ソフトバンクグループ(SBG)が、スイスの再保険大手「スイス・リー」の株式取得に向けて交渉を始めたことが8日分かった。取得額は100億ドル(1兆1千億円)になる可能性があるという。SBGは業界トップクラスの企業への投資をグローバルで進めている。再保険の世界大手であるスイス・リーに出資することでこの戦略を加速する狙いがあるとみられる。

 スイス・リーは7日、「将来的に少数株主になることについて、ソフトバンクと予備的な協議をしている。ただ議論は極めて初期段階で、合意に至る確証はない」とする声明を出した。SBGは「コメントは控える」としている。

 米紙ウォール・ストリート・ジャーナル(電子版)によると、ソフトバンクがスイス・リーの発行済み株式数の最大3分の1を取得する方向で協議しており、取得額は100億ドル以上になる可能性がある。ここ数週間でスイス・リーの経営陣が日本を訪れ、孫正義会長兼社長ら幹部と面会したという。

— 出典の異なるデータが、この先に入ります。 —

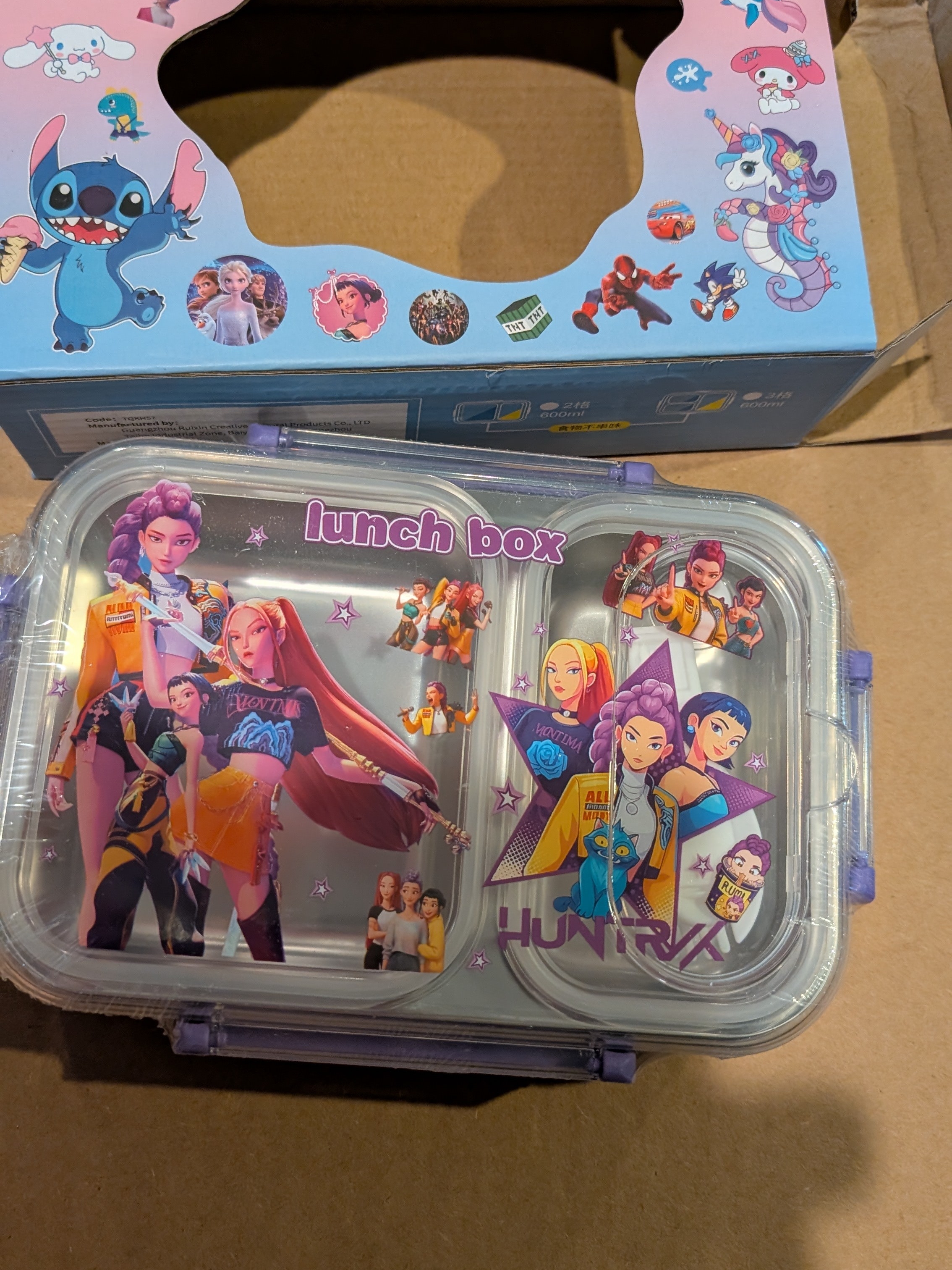 Huntrix Printed Girls Lunch Box Purple Pink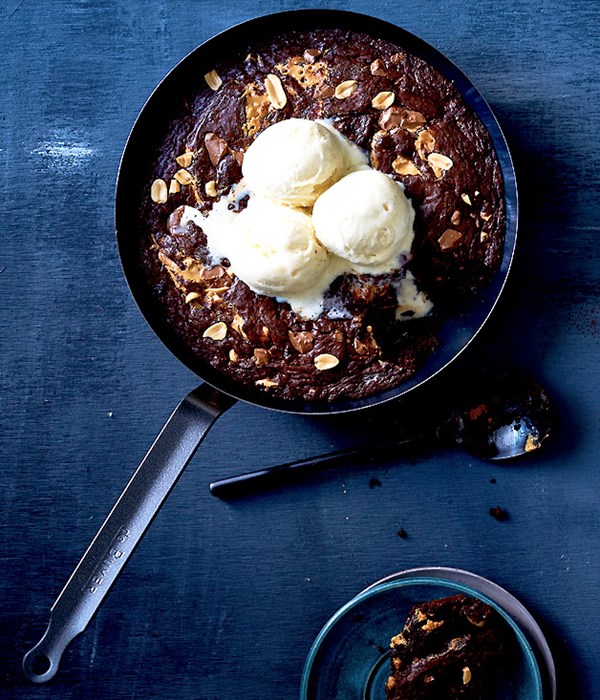 Warm chocolate and peanut butter skillet brownie
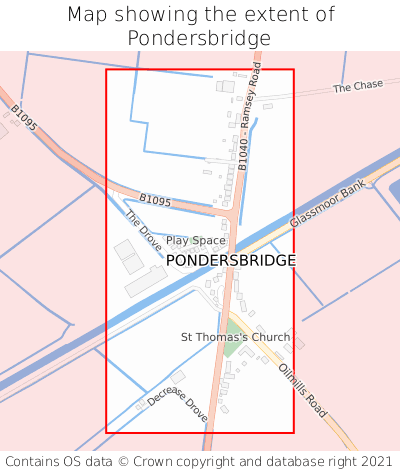 Map showing extent of Pondersbridge as bounding box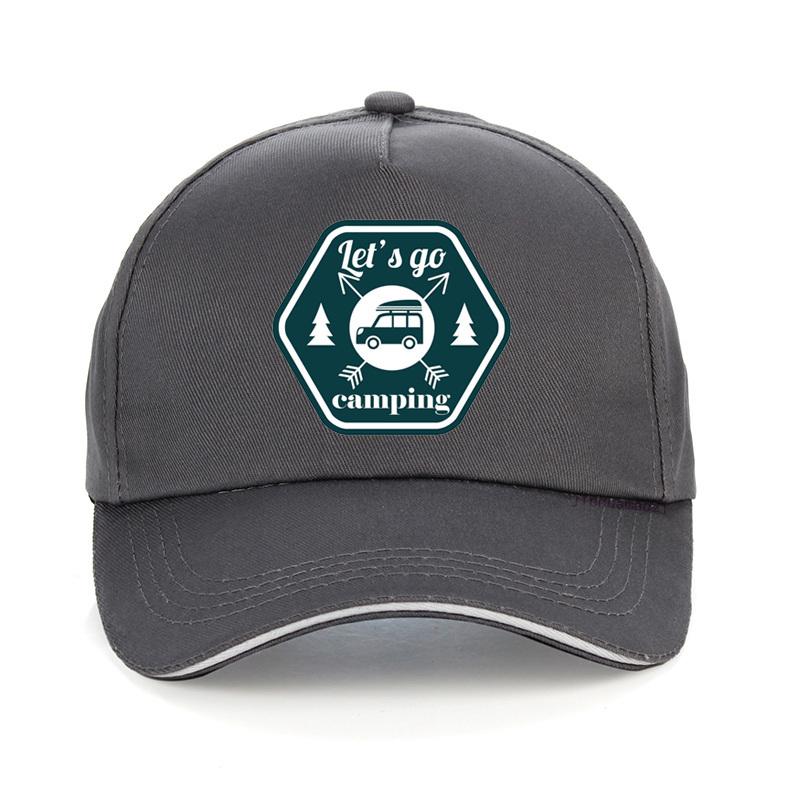 Let'S Go Camping Baseball Cap Fashion Print Outdoor Camping Caps Unisex Snapback Hat Adjustable Leisure Caps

 再保険は自然災害など支払いが巨額になりかねない保険について、保険会社から再保険料をもらい、リスクの一部を引き受ける仕組みだ。スイス・リーはグローバルに展開する世界最大級の再保険会社で、同紙によると、17年6月末時点の資産は2240億ドル。

 SBGは17年にサウジアラビアなどと運用額10兆円規模の「ソフトバンク・ビジョン・ファンド」を立ち上げ、世界の有力企業に投資している。16年には英半導体設計のアーム・ホールディングスを3兆3千億円で買収している。